Awesome-omni-skill SEO GEO (Generative Engine Optimization)

Optimization for AI-powered search engines and generative answer systems as of February 2026.

install

source · Clone the upstream repo

git clone https://github.com/diegosouzapw/awesome-omni-skill

Claude Code · Install into ~/.claude/skills/

T=$(mktemp -d) && git clone --depth=1 https://github.com/diegosouzapw/awesome-omni-skill "$T" && mkdir -p ~/.claude/skills && cp -r "$T/skills/data-ai/seo-geo-generative-engine-optimization" ~/.claude/skills/diegosouzapw-awesome-omni-skill-seo-geo-generative-engine-optimization && rm -rf "$T"

manifest: skills/data-ai/seo-geo-generative-engine-optimization/SKILL.md

source content

GEO (Generative Engine Optimization) Skill

Purpose

Optimize content for visibility in AI-powered search experiences including Google AI Overviews, ChatGPT Search, Perplexity, Bing Copilot, and other generative answer engines. GEO represents the evolution of SEO for the AI search era, where content must be structured for both traditional crawlers and large language model citation.

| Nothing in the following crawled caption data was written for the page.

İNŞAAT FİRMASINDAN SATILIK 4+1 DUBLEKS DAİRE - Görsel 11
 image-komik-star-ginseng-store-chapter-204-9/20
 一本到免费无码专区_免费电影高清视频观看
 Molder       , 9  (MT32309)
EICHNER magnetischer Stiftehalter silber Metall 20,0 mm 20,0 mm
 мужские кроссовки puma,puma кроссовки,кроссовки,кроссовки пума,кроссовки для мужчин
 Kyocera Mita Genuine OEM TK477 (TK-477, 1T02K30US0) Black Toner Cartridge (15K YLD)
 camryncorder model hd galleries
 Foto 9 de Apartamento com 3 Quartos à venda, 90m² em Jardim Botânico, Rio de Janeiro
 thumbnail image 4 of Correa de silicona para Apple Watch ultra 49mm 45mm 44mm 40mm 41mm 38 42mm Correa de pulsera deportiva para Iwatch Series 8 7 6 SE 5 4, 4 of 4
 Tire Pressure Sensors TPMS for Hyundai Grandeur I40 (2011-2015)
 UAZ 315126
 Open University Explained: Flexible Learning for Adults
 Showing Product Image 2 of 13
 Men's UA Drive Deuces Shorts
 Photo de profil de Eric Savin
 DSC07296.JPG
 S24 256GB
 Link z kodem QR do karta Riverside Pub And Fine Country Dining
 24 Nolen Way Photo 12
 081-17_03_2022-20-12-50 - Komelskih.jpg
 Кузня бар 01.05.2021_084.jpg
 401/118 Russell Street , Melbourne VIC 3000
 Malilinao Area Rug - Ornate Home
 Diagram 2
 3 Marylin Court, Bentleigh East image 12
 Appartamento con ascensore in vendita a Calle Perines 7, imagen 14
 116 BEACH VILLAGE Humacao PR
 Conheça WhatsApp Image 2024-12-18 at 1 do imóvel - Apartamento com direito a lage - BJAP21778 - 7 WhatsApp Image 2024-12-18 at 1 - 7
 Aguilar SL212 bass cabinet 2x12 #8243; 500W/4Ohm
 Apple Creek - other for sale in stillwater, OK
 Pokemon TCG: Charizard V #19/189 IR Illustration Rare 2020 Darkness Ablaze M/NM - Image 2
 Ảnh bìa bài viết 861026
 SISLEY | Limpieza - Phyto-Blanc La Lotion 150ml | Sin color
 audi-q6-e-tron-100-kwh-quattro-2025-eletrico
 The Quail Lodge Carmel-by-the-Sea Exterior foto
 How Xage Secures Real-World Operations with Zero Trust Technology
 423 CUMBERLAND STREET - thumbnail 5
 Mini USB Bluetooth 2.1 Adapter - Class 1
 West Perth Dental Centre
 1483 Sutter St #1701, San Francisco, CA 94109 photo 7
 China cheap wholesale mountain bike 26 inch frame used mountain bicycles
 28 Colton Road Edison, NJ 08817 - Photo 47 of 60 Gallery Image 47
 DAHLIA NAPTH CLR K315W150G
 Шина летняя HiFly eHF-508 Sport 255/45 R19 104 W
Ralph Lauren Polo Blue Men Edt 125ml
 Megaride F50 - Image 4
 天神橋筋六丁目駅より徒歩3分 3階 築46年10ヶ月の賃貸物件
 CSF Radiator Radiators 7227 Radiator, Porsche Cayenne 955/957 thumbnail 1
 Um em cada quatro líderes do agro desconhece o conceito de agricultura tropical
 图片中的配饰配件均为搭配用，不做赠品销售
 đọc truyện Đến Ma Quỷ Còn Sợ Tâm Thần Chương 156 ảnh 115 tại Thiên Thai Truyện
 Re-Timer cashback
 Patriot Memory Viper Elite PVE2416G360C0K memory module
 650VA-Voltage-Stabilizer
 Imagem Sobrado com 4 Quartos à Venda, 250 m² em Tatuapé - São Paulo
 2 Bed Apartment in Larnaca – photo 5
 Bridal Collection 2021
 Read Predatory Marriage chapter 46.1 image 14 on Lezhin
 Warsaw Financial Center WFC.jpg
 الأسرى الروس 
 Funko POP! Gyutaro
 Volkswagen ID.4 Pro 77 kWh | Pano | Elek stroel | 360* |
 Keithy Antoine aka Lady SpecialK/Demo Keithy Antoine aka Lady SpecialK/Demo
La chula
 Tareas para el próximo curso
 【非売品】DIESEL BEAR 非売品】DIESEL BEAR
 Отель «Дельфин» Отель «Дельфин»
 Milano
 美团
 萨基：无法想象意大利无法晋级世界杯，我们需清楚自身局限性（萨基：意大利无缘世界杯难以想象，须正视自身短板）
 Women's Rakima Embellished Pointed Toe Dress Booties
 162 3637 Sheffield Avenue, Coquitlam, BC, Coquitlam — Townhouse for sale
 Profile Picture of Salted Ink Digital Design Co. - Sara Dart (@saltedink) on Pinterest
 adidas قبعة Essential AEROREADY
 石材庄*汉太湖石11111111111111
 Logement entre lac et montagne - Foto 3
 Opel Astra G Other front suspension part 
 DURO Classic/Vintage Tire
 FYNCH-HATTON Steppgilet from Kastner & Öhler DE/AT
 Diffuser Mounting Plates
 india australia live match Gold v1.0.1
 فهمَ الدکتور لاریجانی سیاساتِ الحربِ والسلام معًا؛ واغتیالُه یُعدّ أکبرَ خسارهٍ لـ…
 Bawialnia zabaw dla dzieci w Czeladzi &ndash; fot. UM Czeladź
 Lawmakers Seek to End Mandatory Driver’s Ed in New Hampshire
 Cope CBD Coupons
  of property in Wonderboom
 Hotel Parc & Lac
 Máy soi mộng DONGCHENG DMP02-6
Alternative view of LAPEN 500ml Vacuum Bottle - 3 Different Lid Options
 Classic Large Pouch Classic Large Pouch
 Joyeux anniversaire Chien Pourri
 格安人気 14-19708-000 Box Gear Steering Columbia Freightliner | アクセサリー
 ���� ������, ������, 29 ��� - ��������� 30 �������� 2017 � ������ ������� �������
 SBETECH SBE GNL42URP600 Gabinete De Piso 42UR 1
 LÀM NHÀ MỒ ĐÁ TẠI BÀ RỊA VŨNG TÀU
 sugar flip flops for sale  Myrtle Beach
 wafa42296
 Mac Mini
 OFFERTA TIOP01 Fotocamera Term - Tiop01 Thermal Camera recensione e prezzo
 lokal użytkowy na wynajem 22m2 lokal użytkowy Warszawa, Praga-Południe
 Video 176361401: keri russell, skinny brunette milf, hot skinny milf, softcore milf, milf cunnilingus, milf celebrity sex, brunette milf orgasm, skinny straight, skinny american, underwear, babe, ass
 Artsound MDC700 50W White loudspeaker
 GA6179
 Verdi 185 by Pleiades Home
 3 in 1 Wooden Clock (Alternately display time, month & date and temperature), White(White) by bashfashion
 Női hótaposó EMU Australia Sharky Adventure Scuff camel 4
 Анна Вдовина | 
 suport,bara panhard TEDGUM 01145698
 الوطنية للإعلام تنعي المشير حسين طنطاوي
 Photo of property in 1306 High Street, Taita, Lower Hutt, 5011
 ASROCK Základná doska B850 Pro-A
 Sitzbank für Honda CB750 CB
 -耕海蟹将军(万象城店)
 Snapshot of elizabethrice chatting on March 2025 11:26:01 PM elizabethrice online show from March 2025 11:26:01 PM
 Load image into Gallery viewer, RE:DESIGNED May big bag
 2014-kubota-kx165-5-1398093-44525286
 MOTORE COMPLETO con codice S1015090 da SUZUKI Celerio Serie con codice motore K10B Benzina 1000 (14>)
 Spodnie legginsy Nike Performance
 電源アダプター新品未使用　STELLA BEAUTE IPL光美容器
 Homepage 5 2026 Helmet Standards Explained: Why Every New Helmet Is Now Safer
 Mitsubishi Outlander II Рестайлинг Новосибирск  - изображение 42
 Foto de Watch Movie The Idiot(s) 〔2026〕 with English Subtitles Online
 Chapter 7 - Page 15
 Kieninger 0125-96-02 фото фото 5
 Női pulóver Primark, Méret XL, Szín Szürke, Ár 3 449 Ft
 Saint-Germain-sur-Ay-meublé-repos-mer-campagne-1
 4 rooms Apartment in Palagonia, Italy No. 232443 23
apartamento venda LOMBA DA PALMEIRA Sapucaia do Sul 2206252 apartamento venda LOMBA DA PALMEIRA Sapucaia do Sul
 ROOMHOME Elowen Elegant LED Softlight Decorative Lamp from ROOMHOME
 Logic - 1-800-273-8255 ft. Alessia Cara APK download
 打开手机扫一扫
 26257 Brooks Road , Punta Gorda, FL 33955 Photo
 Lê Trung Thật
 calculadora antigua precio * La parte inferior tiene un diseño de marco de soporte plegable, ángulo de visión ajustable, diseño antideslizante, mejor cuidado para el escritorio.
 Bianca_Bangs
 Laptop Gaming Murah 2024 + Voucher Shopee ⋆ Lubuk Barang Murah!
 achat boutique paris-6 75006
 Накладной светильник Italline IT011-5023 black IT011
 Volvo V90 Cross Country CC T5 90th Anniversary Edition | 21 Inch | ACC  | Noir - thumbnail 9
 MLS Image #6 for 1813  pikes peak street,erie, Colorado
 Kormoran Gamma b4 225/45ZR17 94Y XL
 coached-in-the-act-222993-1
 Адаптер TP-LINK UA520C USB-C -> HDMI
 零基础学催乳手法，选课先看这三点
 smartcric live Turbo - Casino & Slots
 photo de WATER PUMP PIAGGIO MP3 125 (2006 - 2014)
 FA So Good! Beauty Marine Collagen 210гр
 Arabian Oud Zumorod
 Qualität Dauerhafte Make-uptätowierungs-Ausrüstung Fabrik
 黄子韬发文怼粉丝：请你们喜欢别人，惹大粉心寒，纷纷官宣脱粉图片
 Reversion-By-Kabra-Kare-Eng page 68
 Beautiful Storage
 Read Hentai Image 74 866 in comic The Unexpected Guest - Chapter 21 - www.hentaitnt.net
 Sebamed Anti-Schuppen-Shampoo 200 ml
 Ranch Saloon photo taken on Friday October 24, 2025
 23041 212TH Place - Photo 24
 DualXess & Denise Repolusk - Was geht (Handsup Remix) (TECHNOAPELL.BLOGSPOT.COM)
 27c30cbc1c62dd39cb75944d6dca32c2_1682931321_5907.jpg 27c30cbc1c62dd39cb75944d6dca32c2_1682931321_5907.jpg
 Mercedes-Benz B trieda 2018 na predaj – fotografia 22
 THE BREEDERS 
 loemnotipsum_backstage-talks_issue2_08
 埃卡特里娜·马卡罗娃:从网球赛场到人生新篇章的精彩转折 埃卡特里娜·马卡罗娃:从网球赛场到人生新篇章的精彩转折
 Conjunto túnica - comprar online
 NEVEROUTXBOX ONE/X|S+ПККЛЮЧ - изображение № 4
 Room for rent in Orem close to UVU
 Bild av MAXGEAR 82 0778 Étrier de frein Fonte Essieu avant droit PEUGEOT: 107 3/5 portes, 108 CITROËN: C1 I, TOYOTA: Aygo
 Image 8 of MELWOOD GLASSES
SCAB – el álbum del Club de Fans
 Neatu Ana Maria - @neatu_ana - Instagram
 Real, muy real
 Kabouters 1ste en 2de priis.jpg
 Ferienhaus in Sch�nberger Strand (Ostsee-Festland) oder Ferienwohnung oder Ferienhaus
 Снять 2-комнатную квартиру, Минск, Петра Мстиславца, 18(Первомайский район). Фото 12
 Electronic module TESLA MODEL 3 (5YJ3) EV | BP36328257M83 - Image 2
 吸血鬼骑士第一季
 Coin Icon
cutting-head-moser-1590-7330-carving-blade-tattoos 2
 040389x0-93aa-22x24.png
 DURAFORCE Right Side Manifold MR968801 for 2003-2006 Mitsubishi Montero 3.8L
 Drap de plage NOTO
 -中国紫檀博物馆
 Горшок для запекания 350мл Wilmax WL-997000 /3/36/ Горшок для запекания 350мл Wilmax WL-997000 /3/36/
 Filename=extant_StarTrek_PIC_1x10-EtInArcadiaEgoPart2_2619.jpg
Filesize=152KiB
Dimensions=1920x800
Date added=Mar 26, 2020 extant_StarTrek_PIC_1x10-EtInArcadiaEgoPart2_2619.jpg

Key Statistics (February 2026)

Metric	Value	Source
Google AI Overviews monthly users	1.5 billion	Google I/O 2025
ChatGPT weekly active users	900 million	OpenAI Q4 2025
Brand mentions correlation with AI visibility	3x stronger than backlinks	Ahrefs December 2025 study
AI Overview appearance rate (US)	~35% of informational queries	BrightEdge Q1 2026
Users who click through from AI answers	42% (when citation is present)	Rand Fishkin / SparkToro 2025
Content with structured data cited by AI	2.1x more often	Semrush AI Search Study 2025

Core GEO Optimization Pillars

1. Citability Scoring

AI models select passages to cite based on information density, clarity, and standalone comprehensibility.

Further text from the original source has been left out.